Several Francophone filmmakers have set out to answer their own critical voices, but in doing so have “reinvented narrative pleasure in such a way as to include what the mainstream would exclude.” Artists and scholars such as Laura Mulvey, Trinh T. Minh-ha, Marguerite Duras and Chantal Akerman have taken different approaches, but all have given voice to the gendered, racial and ethnic “other.”
Hottell says that Agnes Varda “provides concrete examples and models that are strong practical applications of the concept of inclusive spectatorship.” In Le Bonheur, Varda “visually and narratively reformulates romantic paradigms to insert the gendered presence.” In fact, Hottell adds, “Le Bonheur is a subtle satire that exposes the hypocrisy of the system.” Ironically, Hottell comments that many critics did not understand the subtlety of the film and even denounced what they considered its acceptance of the patriarchal model. Despite these criticisms, Hottell says they did generally realize that the film was not a simple fiction film but intended instead to elicit audience reaction and draw them into the cinematic world.
As her art developed, Varda produced L’Une chante, l’autre pas a few years later. Hottell describes that film as “a fictional world in which women—and their friends, communities, problems and joys—become the central focus of the narrative.” Women’s stories permeate the entire film; Varda herself even enters it as the voice-over in the prologue. The film highlights two women, who remain very close despite their differences. Hottell says that the differences—indicated in the title of the film: one sings while the other does not—are a contradiction that is not one. “Varda’s cinécriture embraces difference and evinces an understanding of contradictions between self and other,” she says.
One critic has noted that Varda was more interested in questions than answers. Hottell remarks, “Applying Varda’s questions to films that pinpoint issues of race, ethnicity and class could be a way to meet the need for discussion of various kinds of marginalization. Thus can film unite issues of race, class and gender in cooperative, engaged practices.”
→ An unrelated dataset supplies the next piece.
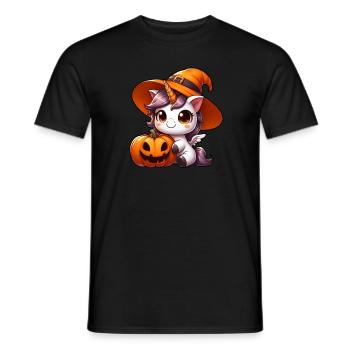 Skurriles Halloween Einhorn Dinosaurier mit - Männer T-Shirt - Schwarz - Vorne - AI Model Male 178 light (178cm)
Ruth Hottell, professor of French and chair of the Department of Foreign Languages, holds a Ph.D. in Expanded French Studies from the University of Illinois, Urbana-Champaign. The author of numerous articles on a variety of topics within French studies, she has taught and conducted research at the University of Toledo since 1988. Hottell has earned an international reputation, particularly within French film studies and Francophone women filmmakers; her scholarly standing has been enhanced further in the last few years by the publication of three highly-acclaimed books.